COURT OF APPEALS AGAIN DENIES FDA
by David Kesmodel and from THE WALL STREET JOURNAL
The fledgling electronic-cigarette industry scored another victory against the Food and Drug Administration in federal court Monday, potentially setting the stage for the battery-powered devices to be regulated like conventional tobacco products.
The U.S. Court of Appeals for the District of Columbia Circuit rejected the FDA’s request to have the entire court review a December decision by a three-judge panel that went against the agency.
The FDA, which contends that the products should be regulated as drug devices, now has the option of asking the U.S. Supreme Court to take up the case. An FDA spokesman said Monday that the agency is evaluating the latest court ruling “and considering its legal and regulatory options.”
E-cigarettes are battery-powered tubes that turn nicotine-laced liquid into a vapor mist. The devices have caught on with thousands of smokers who want an alternative to their daily habit, leading to annual industry revenue of at least $100 million.
On Dec. 7, a three-judge D.C. appeals panel ruled that e-cigarettes, which are sold online and in malls, should be regulated as tobacco products by the FDA unless marketers make claims that the devices help smokers quit or provide other remedies.
The agency has argued that e-cigarettes are drug or medical devices that require pre-approval from theFDA, much like nicotine gums, patches or sprays. The agency began intercepting shipments of e-cigarettes from China in 2008, prompting a lawsuit from the industry.
Sottera Inc., an Arizona e-cigarette distributor that joined the suit as a plaintiff, and some other e-cigarette purveyors say their products are simply recreational alternatives to cigarettes and should not be subject to the onerous pre-approval process required of quit-smoking aids.
The agency has regulated nicotine-replacement products for years and gained authority to regulate the production and marketing of cigarettes and other tobacco prodcuts for the first time in 2009. If the government decided to regulate e-cigarettes as tobacco products, manufacturers would still face significant regulations, but it would be easier to bring the devices into the market.

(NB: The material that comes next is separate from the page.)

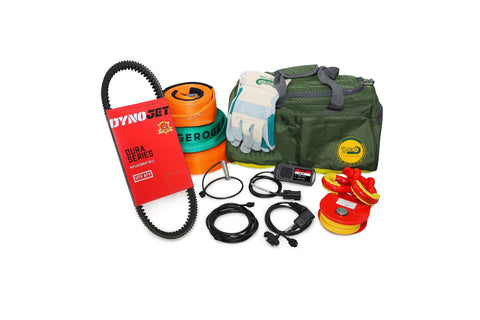 Polaris Backcountry Kit (WITH winch recovery kit)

“We are very pleased with the court’s decision not to rehear the case,” Gregory Garre, an attorney who represents Sottera, said in an email Monday. “The fact that the full court unanimously declined the government’s rehearing request underscores the force of the panel’s original decision.”
The appeals court Monday also refused to reinstate a stay of a preliminary injunction that was granted to the e-cigarette distributors by a U.S. district-court judge in January 2010. The injunction blocked the agency from intercepting their product shipments from China.
the New York E-cigarette ban progress is getting more media attention.
Most likely because it is now were as the FDA court case will like drag on and on.